An Interview With Ric Burns

| 17 Feb 2015 | 02:12

    Emmy Award?winner Ric Burns' latest is his homage to the Society, where behind the beautiful-but-almost-blank neo-classical exterior exist paintings, photographs, maps, manuscripts, diaries and objects.

    As a kid, Martin Scorsese wandered uptown from Little Italy and discovered the archive, which became a lifelong haunt. Burns found it while assisting his older brother and fellow documentarian, Ken, on projects that diverted Ric from becoming an English professor.

    Burns: While assisting Ken, I sort of had an out-of-body experience in an editing room, realizing how deeply film's manifold power-images, words, sounds, music working together-effects audiences on an emotional level.?

    Filmmaking is much more galvanizing than a career that involves writing three or four books for an audience of 3,000.

    Merin: Have you thought of doing features?

    Burns: Yes, but different skills are required for features. I'd have to learn new aspects of the craft-which I'd be happy to do, but there's a positive feedback loop in all our lives. Not so much for better but perhaps for worse, the more we do something, the more we do it. I'm more devoted to film as a medium than to history as a discipline.

    Merin: What would your feature be about?

    Burns: The Donner Party. I made a documentary about it. The story is true-life nightmare poetry about the American experience. In documentaries, straying from historical record breaks your contract with the audience, so there were aspects I couldn't cover-because there were no images, and I'd guess characters' interior experiences.

    But based on the record's tantalizing clues, I developed an imagination about several people who were on that doomed trip, and I'd like to revisit them. However, Donner Party feature projects-even Horton Foote's and Roman Polanski's-seem doomed.

    Merin: How do you feel about documentaries that preach?

    Burns: Directors make choices, so films aren't objective. That said, audiences are tremendously sophisticated, and filmmakers must trust them to know what kind of film they're watching-be it eyewitness accounts or something tongue-in-cheek-like Michael Moore's Roger and Me.

    A film immediately establishes a tone that's part of the contract with the audience. Michael Moore's true to his own tone. If mistakes occur in his movies, he's not been true to his tone, and he's lost track of his contract with the audience.

    Merin: Does one focus characterize your films?

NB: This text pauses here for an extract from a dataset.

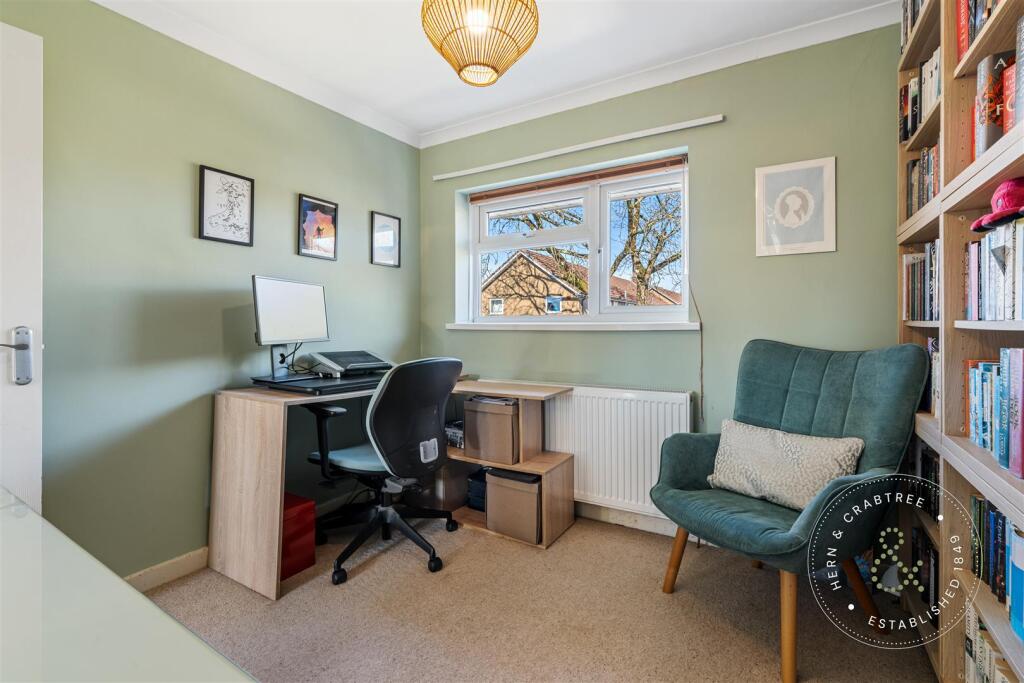 Int Newborough Ave, Hern Crabtree (21).jpg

    Burns: Moments or events of transfiguration-in a person's life or in society-where things go from being one state of affairs to, often violently, another state of affairs. But that's what a good story is-be it the Donner Party, or films I've done on Coney Island or New York history, culminating in 9/11.

    Merin: Why is there increased interest in documentaries?

    Burns: Audiences hunger for reality, particularly in a society inundated with disinformation from commercially or politically-biased sources that attach ulterior-money or power-related-motives to image and word. Any construct which is clearly not out to make money or accrue power, but represents only the humble vocation of reporting reality-boy, people feel that like rain falling on to their souls.